__DIRECTIONS FOR THIS TASK__:
Copy out the line that contains "GIA Certified Red" and the lines after it through the final one in the entries below, exactly, with no other lines.

*** Opening TASK INPUT ***

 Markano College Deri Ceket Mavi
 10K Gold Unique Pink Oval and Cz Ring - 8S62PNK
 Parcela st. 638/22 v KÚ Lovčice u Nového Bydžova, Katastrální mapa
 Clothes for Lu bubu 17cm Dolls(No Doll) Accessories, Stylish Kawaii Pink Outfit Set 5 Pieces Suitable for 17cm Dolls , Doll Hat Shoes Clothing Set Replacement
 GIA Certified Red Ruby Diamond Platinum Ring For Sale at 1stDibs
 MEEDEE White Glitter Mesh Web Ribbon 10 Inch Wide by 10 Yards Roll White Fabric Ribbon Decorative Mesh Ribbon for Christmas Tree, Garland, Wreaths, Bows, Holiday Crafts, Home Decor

*** Closing TASK INPUT ***

__EXPECTED ANSWER__:
 GIA Certified Red Ruby Diamond Platinum Ring For Sale at 1stDibs
 MEEDEE White Glitter Mesh Web Ribbon 10 Inch Wide by 10 Yards Roll White Fabric Ribbon Decorative Mesh Ribbon for Christmas Tree, Garland, Wreaths, Bows, Holiday Crafts, Home Decor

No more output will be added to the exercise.